On February 17, 2015, three young British women made a journey that shocked the world. They snuck away from their families and flew to Turkey, on the first leg of a journey to Syria to join ISIS. They were just 15 and 16.

Since then, their families and communities have been struggling to figure out why.

Amira Abase, Shamima Begum and Kadiza Sultana were from the predominantly Muslim neighborhood of Bethnal Green in east London. The New York Times has now published an investigation into their departure.

“I think what we’re talking about is a lot of identity issues here,” says Mona el-Naggar, who produced a video to accompany the story.
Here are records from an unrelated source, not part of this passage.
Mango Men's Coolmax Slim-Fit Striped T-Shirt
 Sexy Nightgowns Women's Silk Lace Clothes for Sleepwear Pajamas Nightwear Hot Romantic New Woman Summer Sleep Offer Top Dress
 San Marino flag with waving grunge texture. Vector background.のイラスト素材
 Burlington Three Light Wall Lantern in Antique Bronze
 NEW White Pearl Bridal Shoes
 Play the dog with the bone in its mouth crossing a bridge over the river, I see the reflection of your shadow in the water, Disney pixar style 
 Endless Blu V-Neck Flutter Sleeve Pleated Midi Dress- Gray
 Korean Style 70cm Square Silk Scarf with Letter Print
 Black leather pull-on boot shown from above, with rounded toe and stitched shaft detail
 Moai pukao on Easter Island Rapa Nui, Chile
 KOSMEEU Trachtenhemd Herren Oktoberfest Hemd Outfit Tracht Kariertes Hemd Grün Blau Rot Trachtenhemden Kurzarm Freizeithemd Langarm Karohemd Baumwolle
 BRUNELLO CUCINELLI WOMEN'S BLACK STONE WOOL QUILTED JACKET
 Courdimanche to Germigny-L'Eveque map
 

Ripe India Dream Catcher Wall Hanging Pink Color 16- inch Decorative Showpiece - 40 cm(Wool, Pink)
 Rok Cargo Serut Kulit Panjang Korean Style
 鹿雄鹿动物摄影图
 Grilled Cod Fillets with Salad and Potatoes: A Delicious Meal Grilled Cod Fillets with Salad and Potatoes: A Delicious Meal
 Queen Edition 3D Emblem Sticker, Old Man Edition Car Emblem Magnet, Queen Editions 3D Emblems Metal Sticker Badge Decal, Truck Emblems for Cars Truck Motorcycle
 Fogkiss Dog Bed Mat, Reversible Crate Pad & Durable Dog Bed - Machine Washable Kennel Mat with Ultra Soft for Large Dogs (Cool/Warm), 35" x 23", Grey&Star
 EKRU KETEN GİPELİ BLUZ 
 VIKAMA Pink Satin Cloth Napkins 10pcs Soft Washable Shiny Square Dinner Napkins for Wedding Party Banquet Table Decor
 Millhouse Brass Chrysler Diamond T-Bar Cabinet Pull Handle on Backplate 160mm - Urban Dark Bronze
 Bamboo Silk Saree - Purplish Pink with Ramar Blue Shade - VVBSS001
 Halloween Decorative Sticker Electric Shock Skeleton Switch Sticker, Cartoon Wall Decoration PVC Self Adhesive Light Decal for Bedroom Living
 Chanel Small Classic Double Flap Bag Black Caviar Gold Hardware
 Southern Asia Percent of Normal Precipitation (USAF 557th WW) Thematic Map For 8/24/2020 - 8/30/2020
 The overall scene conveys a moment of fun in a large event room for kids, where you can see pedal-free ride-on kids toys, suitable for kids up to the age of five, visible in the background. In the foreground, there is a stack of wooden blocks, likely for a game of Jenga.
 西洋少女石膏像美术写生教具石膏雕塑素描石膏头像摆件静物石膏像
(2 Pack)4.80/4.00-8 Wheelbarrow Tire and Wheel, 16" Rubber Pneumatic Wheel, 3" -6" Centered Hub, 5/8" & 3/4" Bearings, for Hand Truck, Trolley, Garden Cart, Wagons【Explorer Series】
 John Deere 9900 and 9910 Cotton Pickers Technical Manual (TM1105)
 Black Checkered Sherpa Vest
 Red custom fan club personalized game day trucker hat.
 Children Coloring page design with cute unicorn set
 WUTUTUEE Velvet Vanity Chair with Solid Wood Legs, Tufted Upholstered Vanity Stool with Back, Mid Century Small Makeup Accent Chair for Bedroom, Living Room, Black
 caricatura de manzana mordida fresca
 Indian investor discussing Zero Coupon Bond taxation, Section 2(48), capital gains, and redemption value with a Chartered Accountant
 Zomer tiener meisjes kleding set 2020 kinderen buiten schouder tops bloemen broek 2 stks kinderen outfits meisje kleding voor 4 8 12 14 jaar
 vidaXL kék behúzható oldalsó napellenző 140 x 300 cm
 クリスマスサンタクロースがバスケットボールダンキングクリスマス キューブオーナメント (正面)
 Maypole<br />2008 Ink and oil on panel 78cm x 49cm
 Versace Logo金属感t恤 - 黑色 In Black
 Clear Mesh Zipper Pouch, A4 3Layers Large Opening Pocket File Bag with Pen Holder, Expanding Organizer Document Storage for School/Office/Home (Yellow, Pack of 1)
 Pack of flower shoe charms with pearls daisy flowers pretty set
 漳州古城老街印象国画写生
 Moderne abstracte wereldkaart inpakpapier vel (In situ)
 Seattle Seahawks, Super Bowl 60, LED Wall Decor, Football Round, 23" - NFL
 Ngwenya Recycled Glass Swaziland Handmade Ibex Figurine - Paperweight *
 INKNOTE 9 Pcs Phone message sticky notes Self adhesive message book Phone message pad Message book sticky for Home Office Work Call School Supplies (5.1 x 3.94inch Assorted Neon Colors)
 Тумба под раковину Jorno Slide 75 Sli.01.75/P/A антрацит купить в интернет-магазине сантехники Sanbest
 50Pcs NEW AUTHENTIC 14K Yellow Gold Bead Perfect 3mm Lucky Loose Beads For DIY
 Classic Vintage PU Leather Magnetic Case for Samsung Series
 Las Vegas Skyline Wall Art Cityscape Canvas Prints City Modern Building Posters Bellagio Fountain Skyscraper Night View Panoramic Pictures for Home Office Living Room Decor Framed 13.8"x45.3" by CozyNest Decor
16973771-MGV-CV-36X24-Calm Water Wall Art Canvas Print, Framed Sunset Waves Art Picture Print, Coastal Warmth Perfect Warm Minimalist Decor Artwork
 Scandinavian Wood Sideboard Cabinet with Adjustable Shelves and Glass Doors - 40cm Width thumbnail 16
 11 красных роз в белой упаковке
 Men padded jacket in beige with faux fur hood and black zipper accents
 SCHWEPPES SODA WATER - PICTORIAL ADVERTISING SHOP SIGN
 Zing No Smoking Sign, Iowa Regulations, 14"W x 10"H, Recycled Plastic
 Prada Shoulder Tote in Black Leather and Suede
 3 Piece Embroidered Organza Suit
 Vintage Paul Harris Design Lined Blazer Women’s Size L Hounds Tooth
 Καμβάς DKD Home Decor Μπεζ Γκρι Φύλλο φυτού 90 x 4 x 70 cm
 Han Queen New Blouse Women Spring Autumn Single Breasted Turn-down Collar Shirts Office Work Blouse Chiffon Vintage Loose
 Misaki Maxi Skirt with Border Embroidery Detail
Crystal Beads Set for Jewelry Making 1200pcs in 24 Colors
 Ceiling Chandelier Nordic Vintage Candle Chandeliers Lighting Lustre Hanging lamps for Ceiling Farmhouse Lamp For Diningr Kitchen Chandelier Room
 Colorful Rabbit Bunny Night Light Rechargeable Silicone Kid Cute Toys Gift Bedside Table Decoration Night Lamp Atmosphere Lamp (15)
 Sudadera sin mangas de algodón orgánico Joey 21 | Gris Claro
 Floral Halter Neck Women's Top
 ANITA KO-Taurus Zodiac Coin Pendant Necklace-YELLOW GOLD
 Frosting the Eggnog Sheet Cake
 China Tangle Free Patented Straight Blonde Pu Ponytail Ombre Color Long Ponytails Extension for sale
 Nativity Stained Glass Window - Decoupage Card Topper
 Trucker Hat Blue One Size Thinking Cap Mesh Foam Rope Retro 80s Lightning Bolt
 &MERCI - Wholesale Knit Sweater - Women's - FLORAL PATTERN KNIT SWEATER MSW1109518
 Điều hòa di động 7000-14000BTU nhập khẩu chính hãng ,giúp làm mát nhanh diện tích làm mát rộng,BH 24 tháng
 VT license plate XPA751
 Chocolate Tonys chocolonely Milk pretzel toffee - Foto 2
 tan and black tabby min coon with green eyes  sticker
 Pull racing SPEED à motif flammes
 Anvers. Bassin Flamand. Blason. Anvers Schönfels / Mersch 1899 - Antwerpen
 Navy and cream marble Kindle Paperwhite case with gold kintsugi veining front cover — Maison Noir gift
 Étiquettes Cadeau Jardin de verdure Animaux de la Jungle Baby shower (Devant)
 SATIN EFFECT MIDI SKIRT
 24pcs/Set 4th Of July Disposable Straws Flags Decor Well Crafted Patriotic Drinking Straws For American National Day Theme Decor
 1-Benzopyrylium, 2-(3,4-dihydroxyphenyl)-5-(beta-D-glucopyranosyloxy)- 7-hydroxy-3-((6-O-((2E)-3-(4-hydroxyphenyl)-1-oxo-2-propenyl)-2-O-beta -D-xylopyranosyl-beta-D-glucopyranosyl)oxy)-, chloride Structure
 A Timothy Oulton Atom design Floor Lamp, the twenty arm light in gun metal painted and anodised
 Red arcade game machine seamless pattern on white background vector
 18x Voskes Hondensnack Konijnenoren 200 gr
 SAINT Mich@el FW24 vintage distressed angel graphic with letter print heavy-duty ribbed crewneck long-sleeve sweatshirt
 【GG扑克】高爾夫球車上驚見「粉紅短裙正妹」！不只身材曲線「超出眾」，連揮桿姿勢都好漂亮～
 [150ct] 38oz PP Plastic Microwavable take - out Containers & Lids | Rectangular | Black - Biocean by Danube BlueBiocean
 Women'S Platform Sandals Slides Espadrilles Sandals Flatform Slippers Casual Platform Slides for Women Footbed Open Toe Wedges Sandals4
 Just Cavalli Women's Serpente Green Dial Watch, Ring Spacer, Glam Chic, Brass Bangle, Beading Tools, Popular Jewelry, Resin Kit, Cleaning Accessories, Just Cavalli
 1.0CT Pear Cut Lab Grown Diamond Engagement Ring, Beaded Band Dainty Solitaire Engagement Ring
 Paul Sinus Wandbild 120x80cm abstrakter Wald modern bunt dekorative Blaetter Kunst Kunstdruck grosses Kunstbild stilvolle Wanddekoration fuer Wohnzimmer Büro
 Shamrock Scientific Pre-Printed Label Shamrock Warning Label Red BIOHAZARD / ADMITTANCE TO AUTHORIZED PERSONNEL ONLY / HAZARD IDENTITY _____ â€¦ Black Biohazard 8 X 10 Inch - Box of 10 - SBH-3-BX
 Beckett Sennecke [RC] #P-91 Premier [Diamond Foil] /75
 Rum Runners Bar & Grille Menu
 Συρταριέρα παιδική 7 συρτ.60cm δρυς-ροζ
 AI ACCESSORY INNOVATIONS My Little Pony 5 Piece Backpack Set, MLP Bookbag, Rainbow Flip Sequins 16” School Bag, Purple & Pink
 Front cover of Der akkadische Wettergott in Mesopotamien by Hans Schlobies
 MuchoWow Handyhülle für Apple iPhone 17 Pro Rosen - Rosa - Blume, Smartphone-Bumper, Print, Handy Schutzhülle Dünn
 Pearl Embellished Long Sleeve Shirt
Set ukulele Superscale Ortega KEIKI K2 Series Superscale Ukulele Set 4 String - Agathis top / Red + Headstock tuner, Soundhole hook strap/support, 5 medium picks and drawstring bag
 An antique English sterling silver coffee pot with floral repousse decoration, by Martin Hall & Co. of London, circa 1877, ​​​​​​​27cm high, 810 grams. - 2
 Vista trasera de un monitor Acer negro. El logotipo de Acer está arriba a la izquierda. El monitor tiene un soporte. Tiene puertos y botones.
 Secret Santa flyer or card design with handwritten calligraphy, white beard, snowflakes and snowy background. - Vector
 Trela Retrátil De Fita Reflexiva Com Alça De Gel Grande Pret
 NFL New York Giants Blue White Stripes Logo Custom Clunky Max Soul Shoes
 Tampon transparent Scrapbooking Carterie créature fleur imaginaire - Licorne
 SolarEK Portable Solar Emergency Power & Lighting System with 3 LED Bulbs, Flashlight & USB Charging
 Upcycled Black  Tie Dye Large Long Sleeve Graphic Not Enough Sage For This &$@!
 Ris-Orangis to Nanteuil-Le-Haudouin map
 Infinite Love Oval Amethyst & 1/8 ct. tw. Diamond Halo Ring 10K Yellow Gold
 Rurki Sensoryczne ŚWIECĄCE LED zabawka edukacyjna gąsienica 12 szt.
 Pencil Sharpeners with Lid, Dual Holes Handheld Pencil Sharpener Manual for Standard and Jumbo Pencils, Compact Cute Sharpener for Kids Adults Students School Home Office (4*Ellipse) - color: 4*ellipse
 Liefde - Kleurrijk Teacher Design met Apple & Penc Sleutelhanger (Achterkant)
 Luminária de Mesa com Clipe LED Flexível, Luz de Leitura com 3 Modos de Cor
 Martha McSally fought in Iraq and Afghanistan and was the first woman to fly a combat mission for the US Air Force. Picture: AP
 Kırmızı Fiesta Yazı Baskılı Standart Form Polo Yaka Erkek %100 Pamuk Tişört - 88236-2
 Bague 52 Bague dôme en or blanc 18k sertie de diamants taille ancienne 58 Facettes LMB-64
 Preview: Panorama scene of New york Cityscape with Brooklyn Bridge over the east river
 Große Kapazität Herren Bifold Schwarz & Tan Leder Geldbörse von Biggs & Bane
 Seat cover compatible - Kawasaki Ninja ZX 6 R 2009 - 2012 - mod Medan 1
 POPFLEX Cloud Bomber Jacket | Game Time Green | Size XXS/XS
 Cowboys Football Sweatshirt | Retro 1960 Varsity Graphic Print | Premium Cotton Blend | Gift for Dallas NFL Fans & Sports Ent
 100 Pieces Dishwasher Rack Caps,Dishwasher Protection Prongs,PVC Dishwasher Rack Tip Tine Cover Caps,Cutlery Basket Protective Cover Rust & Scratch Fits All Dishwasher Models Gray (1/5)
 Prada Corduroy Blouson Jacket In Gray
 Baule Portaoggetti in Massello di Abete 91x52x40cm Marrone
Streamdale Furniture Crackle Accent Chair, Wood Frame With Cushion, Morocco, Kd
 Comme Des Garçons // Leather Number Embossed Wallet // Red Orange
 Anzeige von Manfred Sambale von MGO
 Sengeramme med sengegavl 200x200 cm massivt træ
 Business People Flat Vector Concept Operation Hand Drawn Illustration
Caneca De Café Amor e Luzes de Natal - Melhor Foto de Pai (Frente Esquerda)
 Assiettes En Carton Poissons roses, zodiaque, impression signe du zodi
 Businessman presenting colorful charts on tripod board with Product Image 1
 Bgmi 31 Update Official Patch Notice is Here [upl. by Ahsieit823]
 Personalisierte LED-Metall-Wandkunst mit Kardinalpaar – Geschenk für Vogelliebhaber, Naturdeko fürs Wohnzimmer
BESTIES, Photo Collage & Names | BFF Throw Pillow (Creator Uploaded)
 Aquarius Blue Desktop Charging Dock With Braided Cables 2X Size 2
She spent several weeks in the community and found a strong conservative Islamic element in the community. “[These] young people are raised with a strong sense of religious identity, and that can sometimes feel like it’s at odds with the bigger Western world that they’re in.”

The Times reports:

Perhaps that is why everyone failed to respond to the many signs that foreshadowed their dark turn. The families, who noticed the girls’ behavior changing, attributed it to teenage whims; school staff members, who saw their homework deteriorate, failed to inform the parents or intervene; the police, who spoke to the girls twice about their friend who had traveled to Syria, also never notified the parents.”

“They were smart, popular girls from a world in which teenage rebellion is expressed through a radical religiosity that questions everything around them. In this world, the counterculture is conservative. Islam is punk rock. The head scarf is liberating.”